The upside to the COVID-19 pandemic is that the flood of federal stimulus money has helped, and will continue to help, local governments maintain their bottom line. Even payments to individuals and private businesses have helped to artificially elevate sales tax revenues throughout the Teche Area, where governments did not see the drop in tax receipts that they feared last spring.

The counterweight to that, unfortunately, is that most local governments were already reeling from the years-long drop in oil production and exploration. So although things did not get worse, they did not necessarily improve either.

The pandemic also took aim at some specific slices of the economy more directly than others. The restrictions on bars, entertainment, dining and other portions of the economy left those owners and employees bearing the brunt of the economic hardship. Restaurateurs and bar owners in particular have been struggling, trying out tents and al fresco dining options to keep customers in seats.

The latest round of stimulus money may help. Iberia, St. Martin and St. Mary parishes are each expecting between $9 million and $11 million in relief from the $1.9 trillion American Rescue Act, with municipalities also receiving a share of the windfall from the federal government. How that money can be spent, however, is still being explored.

Shifting priorities

Over time, the needs of the public change and, unfortunately, large-scale capital projects take time to put together.

One symptom of that can be seen in Iberia Parish. Four years ago, when the parish was experiencing torrential floods on a semi-annual basis, flood mitigation efforts were at a premium. Money from the Gulf of Mexico Energy Security Act (GOMESA) was earmarked to enhance the parish’s ability to move water out in case of flooding. Currently, the parish is planning to use funds for projects on three drainage channels to ease flooding in some of the hardest hit areas.

Other parishes, however, have managed to convert at least some of those dollars into road projects. In Terrebonne Parish, for example, some roadways were qualified for the funds as hurricane escape routes. In St. Martin Parish, funds were used to secure a bond that is, in part, paying for the replacement of the pontoon bridge at Butte LaRose.

A request for more information on Iberia Parish’s funds under the American Rescue Act, to include the amount of money that was going to be going to individual municipalities in the parish, was not answered.

Waiting for the next shoe

In the meantime, Iberia Parish leadership will be setting an agenda for capital projects and maintenance based on the funding it receives as well as its tax base. While it has not seen any severe drop overall so far, the chance of further rescue or stimulus money is slim in the current political environment, so the last chunk may be the last for a while.

When The Daily Iberian asked in a non-scientific poll what the top priority for any future capital projects should be, the answer was both singular and passionate. Every person who replied said road maintenance was the number one need for the parish, whether to keep its residents in place or to attract new industry.

That need is not lost on the powers that be. But the same voters who unanimously desire better roads shot down an attempt to pass a dedicated road tax in 2018.

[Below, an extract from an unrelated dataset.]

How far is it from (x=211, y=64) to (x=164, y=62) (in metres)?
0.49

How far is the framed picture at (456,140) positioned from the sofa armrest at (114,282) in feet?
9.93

Unlike other parishes, Iberia does not have a dedicated road maintenance tax. In the past, money from the parish’s royalty fund was used to fund its road maintenance fund. A lack of money coming into the royalty fund means there is no money to go toward road maintenance, aside from federal funds for specific projects or state funds, which do not come close to filling the need for the parish’s roads.

So, until a new revenue stream is developed, the parish will have to eke by on the funding it has. And if that financial picture does not change, either through renewed industrial growth, oil activity or voter approval of a dedicated road funding source, the maintenance picture will likely become worse as the parish’s roads continue to age.